I am extremely inclined towards this ATI Radeon™ HD 5770 Graphics Card as there is a reason. It has all those display connectors that I was desperately looking out for. B'coz I'll be buying Gigabyte Motherboard, Model: GA-H57M-USB3 and an Intel Core i5 760 Processor which has 8MB cache and 4 cores but without an "Integrated Graphics" which means that all the display connectors available on this motherboard will become useless, won't work.

And if I want them to work, then I need to forcibly bend down, compromise on the performance of the processor and buy an Intel Core i5 661 which has an Integrated graphics to make the onboard display connector on this motherboard work but limitation being of 4MB Cache & 2 cores only.

I cannot settle for a least performing processor.
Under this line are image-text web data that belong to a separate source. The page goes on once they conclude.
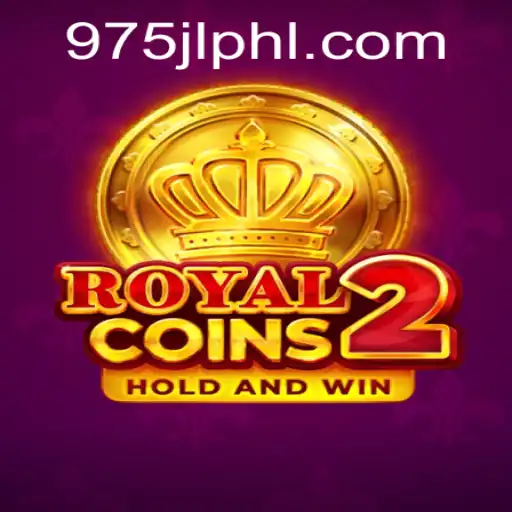 RoyalCoins2: An Adventure in the Digital Realm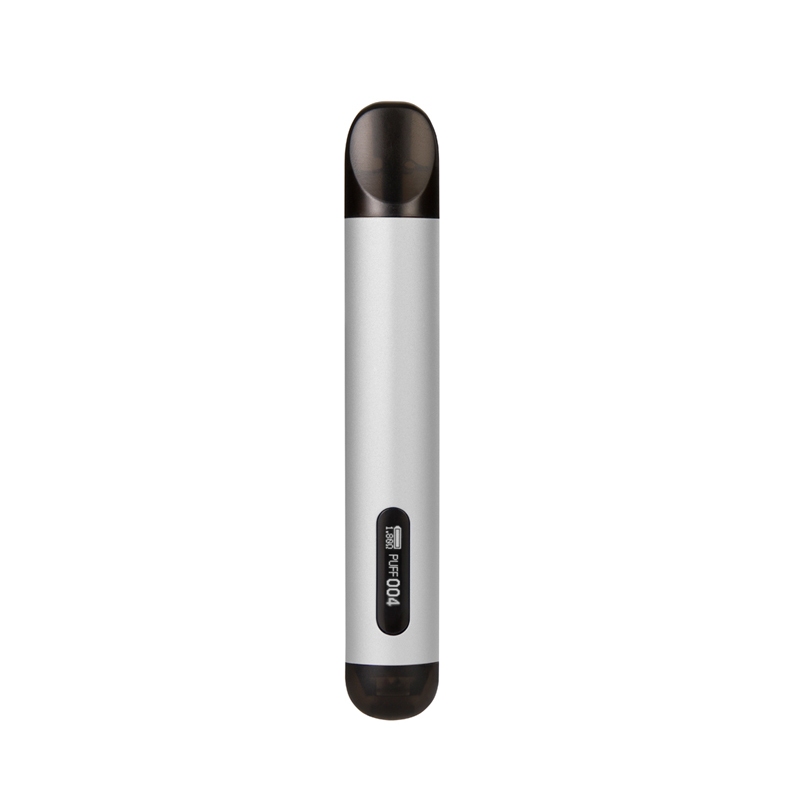 تتجه المنتج Vaping Pod السجائر الإلكترونية السجائر الإلكترونية القابلة لإعادة الشحن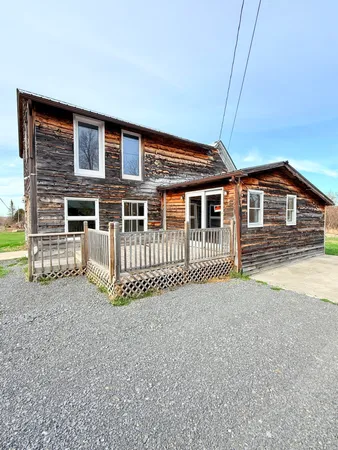 $180,000 | 1740 Plank Road, Ellenburg Depot, NY 12935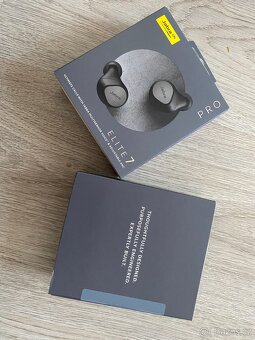 Sluchátka Jabra Elite 7 PRO - 2
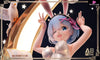 Re:zero - Starting Life In Another World Bunny Girl Rem Resin Statue Absinthe Studio [Pre - Order]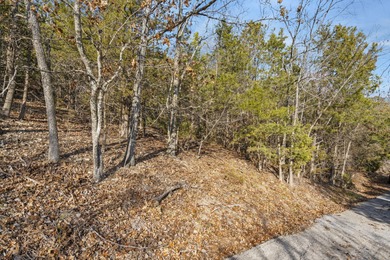 It's a new year, lake close @ Elm Dr! Ready for a new year where on Kimberling City Golf Club in Missouri - for sale on GolfHomes.com, golf home, golf lot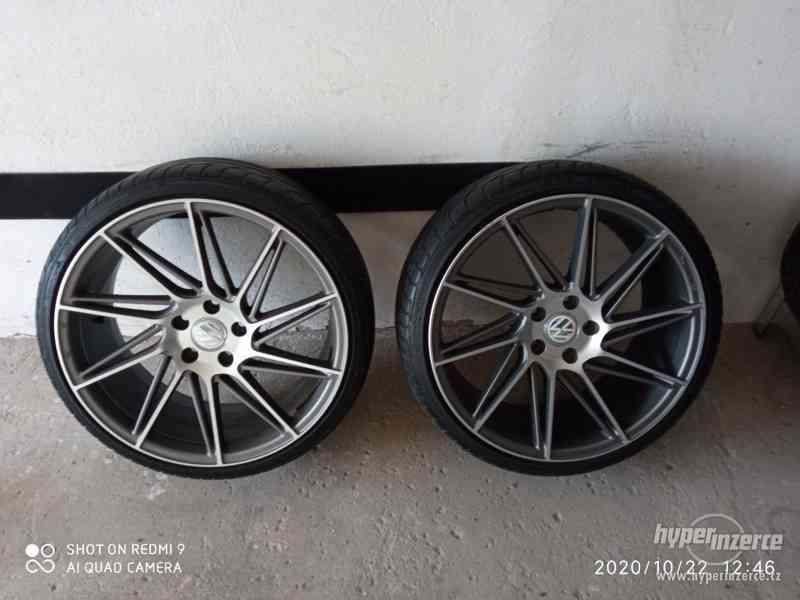 Motec Aventus - foto 2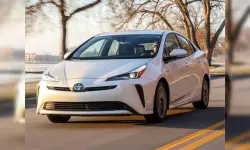 Toyota Prius Puzzle 2 image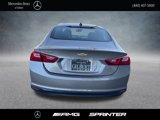 Used 2023 Chevrolet Malibu LS image 4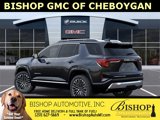 New 2026 GMC Terrain Denali w/ LPO, Floor Liner Package image 5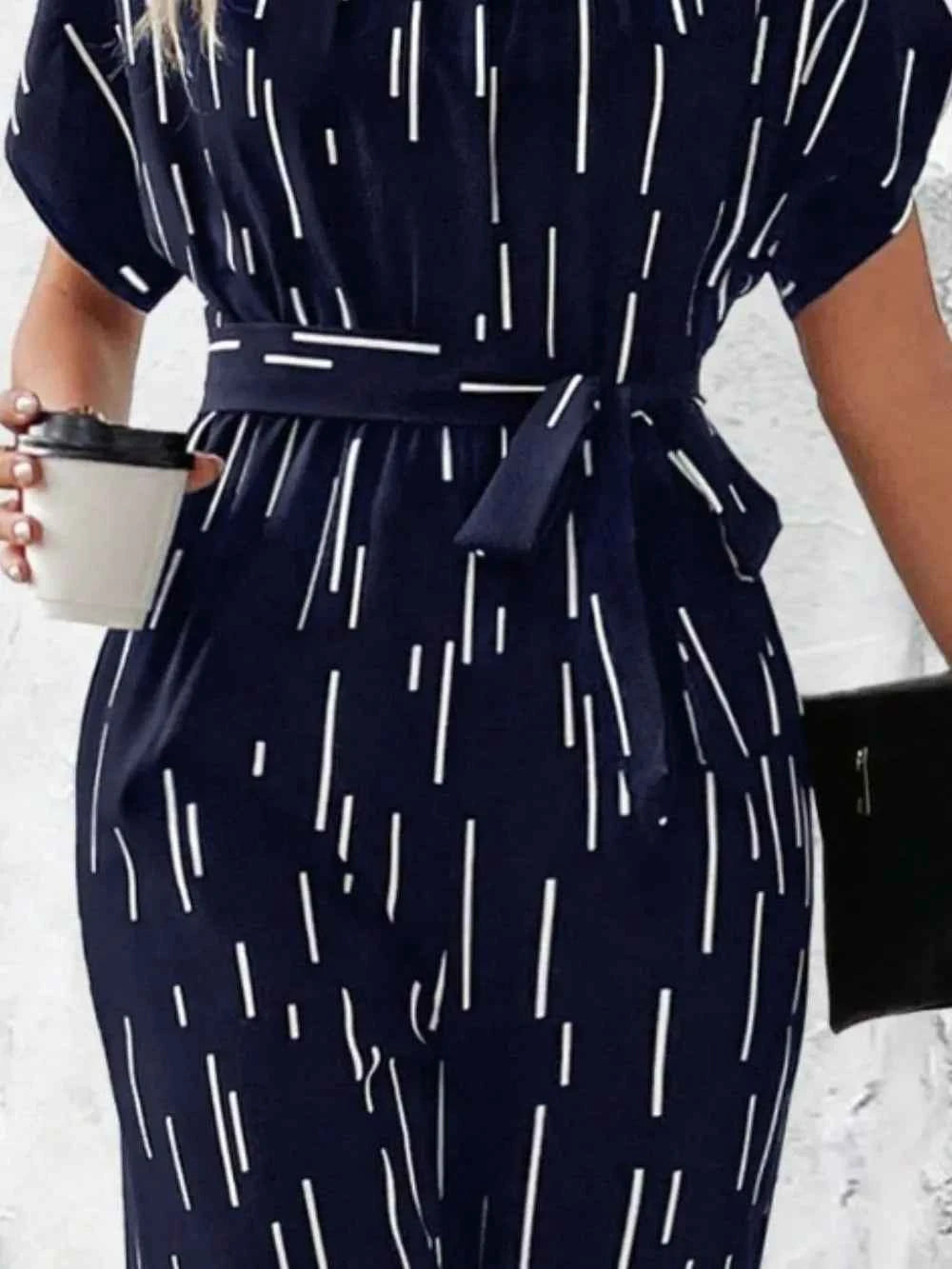 Tied Printed Mock Neck Wide Leg Jumpsuit f14457e5-ae8f-4494-8012-11edb9672076-Max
Also, you mentioned: "so you would be better with a ATX (full size) Mobo.." would like to know how does it matter if I use it on MicroATX motherboard as opposed to ATX?

Kindly reply....

Regards,
Apoorva.



Tyree said:


> What will be the primary use for the PC? The GB Mobo you posted is MicroATX. Those are fine for general computing but they lack in Bios features.
> Seeing your interest in a 5770 GPU I assume you are looking for performance so you would be better with a ATX (full size) Mobo.
> The PSU you listed is not a great unit and certainly not good enough for a 5770. You would want a 650W PSU and SeaSonic & Corsair are the best option.
> Have a look at these builds for ideas: http://www.techsupportforum.com/f25...evised-2010-and-updated-regularly-448272.html


----------